The increase has been driven by a rising birth rate, with The Telegraph reporting in March that there has been a surge in school applications this year.
The Department for Education forecast, meanwhile, says that “direct immigration of pupils” has only had a very small effect on the numbers, but that the increase is largely fueled by a greater number of non-UK born mothers who tend to have larger families.
The new figures have been contrasted with those between the years 2009 and 2016 in which the school system expanded to take in an extra 470,000 pupils. According to the Department for Education’s projection, there will be an additional 10% of pupils in state schools, up from roughly 7.4 million to about 8.1 million.
As reported by the BBC, head teacher leaders have said that the “massive increase” will exacerbate the already-growing issue for parents of getting their children into their preferred choice of school.
The official forecast shows that the population bulge is mainly affecting secondary school numbers, with the increase in primary school numbers actually slowing. The primary school population is currently 4.5 million, with the forecast predicting it to rise 4.68 million in four years time before stabilising.
Meanwhile, the annual school census published last month has shown the pressure on places has increased the average size of primary schools by 30 pupils.
The next big increase, however, will be in secondary schools. Secondary schools currently hold 2.76 million pupils, a number that is forecast to rise to 3.33 million by 2025.
This means that within the next ten years, secondary schools will have to create an extra 570,000 places, and these numbers do not include post-16 education or sixth forms.
Russell Hobby, leader of the National Association of Head Teachers, has emphasized the need for the involvement of local authorities in better planning for extra places.
“We are looking at over 750,000 more young people in school education by 2025. The government’s only clear plan for increasing capacity is to open 500 free schools.

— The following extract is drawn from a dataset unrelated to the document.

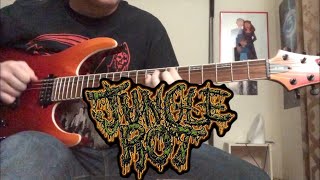 Jungle Rot - Demon Souls (Guitar Cover)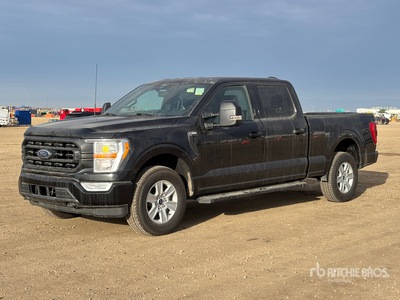 2022 Ford F-150 XLT 4x4 Crew Cab Pickup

Whilst good, new free schools are fine, they are not sufficient.”
Holby also mentioned the current teacher recruitment crisis, as teachers are being driven away from the profession amidst working conditions, which sparked union tensions during outgoing Education Secretary Nicky Morgan’s time in office.
He reiterated that:
“The government will also need to take teacher recruitment and retention more seriously”.
Figures published by the Institute of Fiscal Studies have shown that 40% of teachers who enter initial teacher training were not teaching five years later.
However, a Department for Education spokeswoman has said that the government’s “top priority” is creating school places for pupils. The £7 billion government initiative will reportedly create 600,000 new places in the next five years.
The recent forecast follows Nicky Morgan’s announcement last year that she had ordered officials to investigate links between “education tourism” and immigration levels, as well as the recent change in the annual census which means that data will be more focused on how many children from immigrant families are going to school in the UK.